On the first point I used earlier the example of China materially outperforming Brazil in 2020 so far. This can be rationalised – China experienced the virus first but seems to have successfully contained it .Brazil is openly sensitive to the oil price which has been exceptionally weak. We understand all this. If we were running a portfolio with large country bets we would get fully drawn into crowded and difficult economic, political or in this case scientific debates. We don’t ignore macro factors, we just want to pursue our own research agenda and rhythm. That research is all about finding great business models and investing in them. In this way having a balanced portfolio acts as a major noise reduction tool and volatile markets do tend to be very noisy.
Secondly I mentioned that some of the companies we own are more cyclical than others. And they will usually suffer more in tough economic times. Its not mentally draining to us if they do although we do expect our more cyclical ideas to cope with stress at a balance sheet level. If we had a less obviously balanced portfolio we might end up debating whether we should sell all our cyclicals completely or move aggressively into them. At some point volatile markets could give us a dominant asset allocation or market timing decision which we do not want. The portfolio balance here helps us avoid this noisy debate.
So in summary; the balance from multiple angles in the portfolio helps us stay focused in all markets on what we are good at; picking emerging market stocks. That is what our performance track record is built upon and it’s what our clients expect of us, irrespective of how “volatile” or unsual markets may feel.
Summary: Thank you Paul. So to summarise, during this period of volatility the Martin Currie Global Emerging Markets strategy remains true to its philosophy and process. By being geographically and sector agnostic you build a balanced portfolio comprised of quality growth companies which you aim to hold over the long term. Whilst macro factors are considered, investment decisions are based on your bottom up, fundamental research - rather than potentially short-term macro factors. And finally, ESG is considered throughout to ensure that the stocks you invest in are sustainable with time and prove their resilience in a period of market downturn.

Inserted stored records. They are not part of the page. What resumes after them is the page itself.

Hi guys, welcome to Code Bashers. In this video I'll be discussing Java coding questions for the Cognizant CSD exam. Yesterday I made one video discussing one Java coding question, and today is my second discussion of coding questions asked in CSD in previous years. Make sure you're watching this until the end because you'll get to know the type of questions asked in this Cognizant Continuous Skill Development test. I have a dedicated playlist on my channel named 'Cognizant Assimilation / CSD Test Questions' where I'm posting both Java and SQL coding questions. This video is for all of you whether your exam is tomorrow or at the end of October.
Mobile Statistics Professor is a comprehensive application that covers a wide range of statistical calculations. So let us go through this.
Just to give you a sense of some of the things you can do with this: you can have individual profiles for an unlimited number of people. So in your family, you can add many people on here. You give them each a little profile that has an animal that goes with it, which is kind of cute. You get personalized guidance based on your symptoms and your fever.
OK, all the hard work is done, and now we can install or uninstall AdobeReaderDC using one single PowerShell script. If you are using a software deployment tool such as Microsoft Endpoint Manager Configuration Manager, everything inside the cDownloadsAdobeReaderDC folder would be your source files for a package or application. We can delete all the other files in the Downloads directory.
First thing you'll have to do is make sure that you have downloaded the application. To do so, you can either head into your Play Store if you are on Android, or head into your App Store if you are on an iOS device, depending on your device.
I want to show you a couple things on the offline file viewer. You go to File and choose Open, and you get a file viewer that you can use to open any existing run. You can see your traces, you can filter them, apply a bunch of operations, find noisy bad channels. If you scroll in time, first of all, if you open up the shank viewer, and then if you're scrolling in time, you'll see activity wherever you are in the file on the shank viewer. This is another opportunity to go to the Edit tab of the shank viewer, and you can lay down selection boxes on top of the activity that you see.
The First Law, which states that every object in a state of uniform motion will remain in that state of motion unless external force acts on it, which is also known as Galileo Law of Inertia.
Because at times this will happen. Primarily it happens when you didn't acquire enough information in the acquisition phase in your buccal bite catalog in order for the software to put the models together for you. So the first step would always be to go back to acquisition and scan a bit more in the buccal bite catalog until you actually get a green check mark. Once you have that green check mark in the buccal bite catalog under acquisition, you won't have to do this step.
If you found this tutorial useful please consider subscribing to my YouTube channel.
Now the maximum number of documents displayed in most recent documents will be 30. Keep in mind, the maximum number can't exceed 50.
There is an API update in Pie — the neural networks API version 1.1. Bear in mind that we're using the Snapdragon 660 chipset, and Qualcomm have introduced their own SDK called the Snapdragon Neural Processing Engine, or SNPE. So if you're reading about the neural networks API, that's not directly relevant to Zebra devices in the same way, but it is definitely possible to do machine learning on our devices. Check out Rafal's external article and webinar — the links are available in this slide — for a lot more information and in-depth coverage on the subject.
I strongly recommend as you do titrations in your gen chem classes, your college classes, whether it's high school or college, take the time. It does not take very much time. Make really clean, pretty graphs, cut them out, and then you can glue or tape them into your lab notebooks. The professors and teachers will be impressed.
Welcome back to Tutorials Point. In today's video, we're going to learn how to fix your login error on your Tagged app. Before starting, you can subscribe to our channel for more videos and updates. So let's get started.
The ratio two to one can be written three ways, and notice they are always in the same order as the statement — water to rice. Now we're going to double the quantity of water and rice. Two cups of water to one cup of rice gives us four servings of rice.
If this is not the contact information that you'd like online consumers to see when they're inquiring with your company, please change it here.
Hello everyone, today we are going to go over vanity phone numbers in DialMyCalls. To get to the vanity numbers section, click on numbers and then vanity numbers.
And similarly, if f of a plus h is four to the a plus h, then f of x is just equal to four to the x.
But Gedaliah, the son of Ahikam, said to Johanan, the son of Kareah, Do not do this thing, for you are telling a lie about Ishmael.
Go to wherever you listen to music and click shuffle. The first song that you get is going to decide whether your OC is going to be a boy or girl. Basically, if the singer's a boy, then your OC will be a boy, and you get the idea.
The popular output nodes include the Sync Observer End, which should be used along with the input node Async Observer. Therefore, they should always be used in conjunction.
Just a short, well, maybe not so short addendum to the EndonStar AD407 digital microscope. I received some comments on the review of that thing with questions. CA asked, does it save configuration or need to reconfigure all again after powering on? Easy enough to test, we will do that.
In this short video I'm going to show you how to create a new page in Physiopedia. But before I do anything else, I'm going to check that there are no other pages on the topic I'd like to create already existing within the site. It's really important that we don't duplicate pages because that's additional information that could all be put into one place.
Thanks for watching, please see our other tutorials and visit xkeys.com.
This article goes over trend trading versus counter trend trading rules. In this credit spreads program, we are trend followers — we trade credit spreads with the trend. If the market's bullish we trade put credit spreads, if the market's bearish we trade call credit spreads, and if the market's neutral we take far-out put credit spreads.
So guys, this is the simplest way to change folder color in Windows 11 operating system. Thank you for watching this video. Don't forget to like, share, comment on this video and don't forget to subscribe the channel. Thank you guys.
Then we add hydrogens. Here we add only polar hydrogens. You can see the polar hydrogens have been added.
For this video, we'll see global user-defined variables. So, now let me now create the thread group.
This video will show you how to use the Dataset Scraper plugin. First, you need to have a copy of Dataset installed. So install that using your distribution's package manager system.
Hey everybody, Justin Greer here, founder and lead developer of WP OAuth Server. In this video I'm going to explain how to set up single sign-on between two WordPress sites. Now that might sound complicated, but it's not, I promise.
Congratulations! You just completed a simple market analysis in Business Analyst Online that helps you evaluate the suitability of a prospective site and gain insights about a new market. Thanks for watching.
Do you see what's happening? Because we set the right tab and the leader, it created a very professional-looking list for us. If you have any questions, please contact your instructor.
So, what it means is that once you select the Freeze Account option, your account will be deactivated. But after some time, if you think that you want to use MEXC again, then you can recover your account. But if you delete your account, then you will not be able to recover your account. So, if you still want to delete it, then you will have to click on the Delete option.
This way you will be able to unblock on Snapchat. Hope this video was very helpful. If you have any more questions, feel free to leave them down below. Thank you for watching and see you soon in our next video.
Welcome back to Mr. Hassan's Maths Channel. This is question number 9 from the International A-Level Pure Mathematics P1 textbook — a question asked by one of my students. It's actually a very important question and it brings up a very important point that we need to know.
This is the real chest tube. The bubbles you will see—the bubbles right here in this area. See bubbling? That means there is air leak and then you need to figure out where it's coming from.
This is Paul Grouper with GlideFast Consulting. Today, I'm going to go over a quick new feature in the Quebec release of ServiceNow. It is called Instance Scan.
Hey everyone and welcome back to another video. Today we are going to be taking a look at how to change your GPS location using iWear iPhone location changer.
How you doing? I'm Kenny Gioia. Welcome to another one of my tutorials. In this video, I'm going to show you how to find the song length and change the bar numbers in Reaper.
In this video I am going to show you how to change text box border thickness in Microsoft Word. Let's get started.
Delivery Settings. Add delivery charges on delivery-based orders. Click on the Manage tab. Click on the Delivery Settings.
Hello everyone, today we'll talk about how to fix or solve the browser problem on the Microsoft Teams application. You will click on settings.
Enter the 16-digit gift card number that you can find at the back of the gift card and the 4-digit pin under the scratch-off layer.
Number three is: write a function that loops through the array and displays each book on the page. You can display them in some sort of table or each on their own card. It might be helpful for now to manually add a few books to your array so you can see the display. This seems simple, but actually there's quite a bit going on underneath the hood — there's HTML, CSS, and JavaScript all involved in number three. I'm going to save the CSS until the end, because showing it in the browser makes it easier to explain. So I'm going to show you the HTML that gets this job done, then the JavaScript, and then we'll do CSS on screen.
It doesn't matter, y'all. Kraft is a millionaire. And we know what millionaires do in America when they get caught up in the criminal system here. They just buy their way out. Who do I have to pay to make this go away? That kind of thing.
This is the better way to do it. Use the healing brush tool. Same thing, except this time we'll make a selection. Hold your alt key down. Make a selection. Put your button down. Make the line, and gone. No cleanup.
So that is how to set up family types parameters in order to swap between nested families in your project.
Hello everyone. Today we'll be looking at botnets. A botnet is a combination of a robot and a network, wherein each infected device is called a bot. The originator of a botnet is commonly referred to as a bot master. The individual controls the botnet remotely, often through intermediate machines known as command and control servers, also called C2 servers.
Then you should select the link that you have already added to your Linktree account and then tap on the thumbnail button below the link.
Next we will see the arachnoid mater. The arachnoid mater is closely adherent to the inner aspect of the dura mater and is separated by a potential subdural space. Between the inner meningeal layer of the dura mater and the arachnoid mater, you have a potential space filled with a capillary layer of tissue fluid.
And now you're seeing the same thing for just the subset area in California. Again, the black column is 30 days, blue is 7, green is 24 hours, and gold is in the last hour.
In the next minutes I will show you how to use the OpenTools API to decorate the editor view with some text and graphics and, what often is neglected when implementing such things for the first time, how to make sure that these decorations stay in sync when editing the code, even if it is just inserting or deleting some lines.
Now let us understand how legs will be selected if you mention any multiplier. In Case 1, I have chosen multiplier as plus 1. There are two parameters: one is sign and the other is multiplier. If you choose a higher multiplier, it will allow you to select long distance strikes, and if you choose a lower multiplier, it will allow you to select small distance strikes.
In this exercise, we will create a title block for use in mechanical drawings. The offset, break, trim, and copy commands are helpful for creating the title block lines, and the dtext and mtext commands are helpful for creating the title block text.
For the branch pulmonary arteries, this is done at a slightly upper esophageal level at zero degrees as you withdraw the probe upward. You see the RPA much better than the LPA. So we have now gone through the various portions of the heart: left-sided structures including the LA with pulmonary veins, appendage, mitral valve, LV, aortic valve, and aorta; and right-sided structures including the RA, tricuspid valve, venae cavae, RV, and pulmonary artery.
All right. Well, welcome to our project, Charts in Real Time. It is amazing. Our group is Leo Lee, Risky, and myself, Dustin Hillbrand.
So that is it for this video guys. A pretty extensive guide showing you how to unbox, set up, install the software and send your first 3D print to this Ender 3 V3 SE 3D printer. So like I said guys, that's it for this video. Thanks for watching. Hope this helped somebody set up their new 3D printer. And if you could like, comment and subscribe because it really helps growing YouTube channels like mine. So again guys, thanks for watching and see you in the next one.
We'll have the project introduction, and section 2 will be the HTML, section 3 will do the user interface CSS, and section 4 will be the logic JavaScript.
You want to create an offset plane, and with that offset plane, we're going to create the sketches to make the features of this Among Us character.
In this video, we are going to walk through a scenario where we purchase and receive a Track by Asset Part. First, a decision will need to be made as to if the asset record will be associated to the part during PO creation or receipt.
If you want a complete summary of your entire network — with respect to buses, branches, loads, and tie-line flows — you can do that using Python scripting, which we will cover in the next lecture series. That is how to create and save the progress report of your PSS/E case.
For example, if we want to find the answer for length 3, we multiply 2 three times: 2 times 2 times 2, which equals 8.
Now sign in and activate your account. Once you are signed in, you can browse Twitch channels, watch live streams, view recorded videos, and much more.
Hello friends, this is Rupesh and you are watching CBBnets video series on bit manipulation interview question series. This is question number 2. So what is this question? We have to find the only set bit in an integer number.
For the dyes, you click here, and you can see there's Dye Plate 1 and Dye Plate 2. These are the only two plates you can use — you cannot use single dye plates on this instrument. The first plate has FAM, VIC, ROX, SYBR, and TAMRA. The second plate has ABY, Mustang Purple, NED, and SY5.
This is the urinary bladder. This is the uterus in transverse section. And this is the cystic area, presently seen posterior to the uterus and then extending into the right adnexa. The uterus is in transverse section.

That concludes our podcast and I look forward to the next edition. Thank you for your time.
Regulatory information and risk warnings
Past performance is not a guide to future returns
This information is issued and approved by Martin Currie Investment Management Limited (‘MCIM’). It does not constitute investment advice. Market and currency movements may cause the capital value of shares, and the income from them, to fall as well as rise and you may get back less than you invested.
The analysis of Environmental, Social and Governance (ESG) factors form an important part of the investment process and helps inform investment decisions. The strategy does not necessarily target particular sustainability outcomes.
The opinions contained in this recording are those of the named manager. They may not necessarily represent the views of other Martin Currie managers, strategies or funds. These opinions are not intended to be a forecast of future events, research, a guarantee of future results or investment advice.
The information contained has been complied with considerable care to ensure its accuracy. However, no representation or warranty, express or implied, is made to its accuracy or completeness. Martin Currie has procured any research or analysis contained in this recording for its own use. It is provided to you only incidentally and any opinions expressed are subject to change without notice.
The information provided should not be considered a recommendation to purchase or sell any particular security. It should not be assumed that any of the security transactions discussed here were, or will prove to be, profitable.